* [EXTRACTED MATERIAL]:
[Start of section]
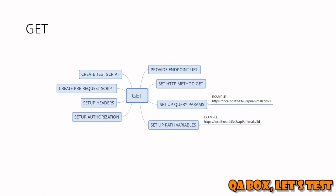These are pre-requests and test scripts. We are not going to run any scripts in this particular video.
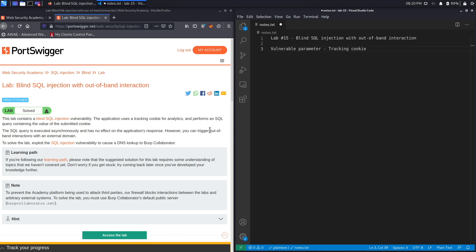Because you can trigger an out-of-band interaction with an external domain, we can use out-of-band SQL injection to exploit this vulnerability and know that our attack was successful. Triggering an out-of-band interaction means you send an attack payload that causes an interaction with an external system you have full control of. Since you control this system, when you run your attack you can see the response you triggered and therefore know you've successfully exploited the SQL injection. To solve the lab, we need to exploit the SQL injection vulnerability to cause a DNS lookup to Burp Collaborator.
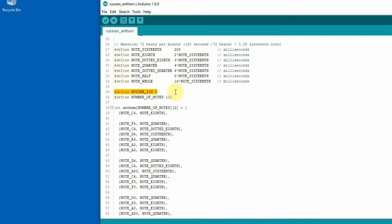This is the definition for the buzzer pin, which is connected to pin 8. And the second definition just defines how many notes there are in the anthem.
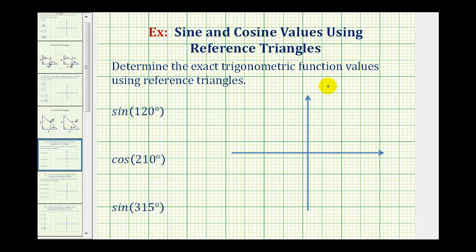We want to determine the exact trig function values using reference triangles. We'll sketch each angle in standard position, construct the reference triangle, then determine the trig function value.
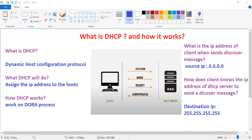After the DHCP server receives this Discover message, it suggests an IP address by offering it to the client host. This Offer message contains the IP address, subnet mask, default gateway, DNS, and lease period.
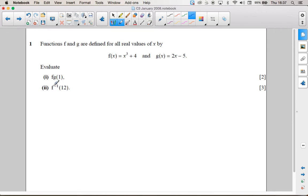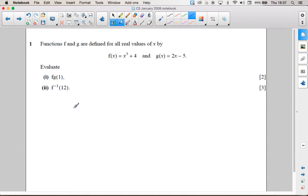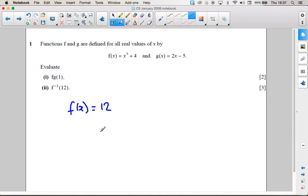Part 2 wants the f of minus 1 of 12, so that's the inverse of 12. There are two things we can do here: we can work out the inverse function, or this is the same as saying what value of x gives us an answer of 12. I'm going to go for that second option.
[End of section]
Only the lines from the one with "After the DHCP" through the end of the data, both ends included, should be written out exactly, and no pictures should appear.

After the DHCP server receives this Discover message, it suggests an IP address by offering it to the client host. This Offer message contains the IP address, subnet mask, default gateway, DNS, and lease period.
Part 2 wants the f of minus 1 of 12, so that's the inverse of 12. There are two things we can do here: we can work out the inverse function, or this is the same as saying what value of x gives us an answer of 12. I'm going to go for that second option.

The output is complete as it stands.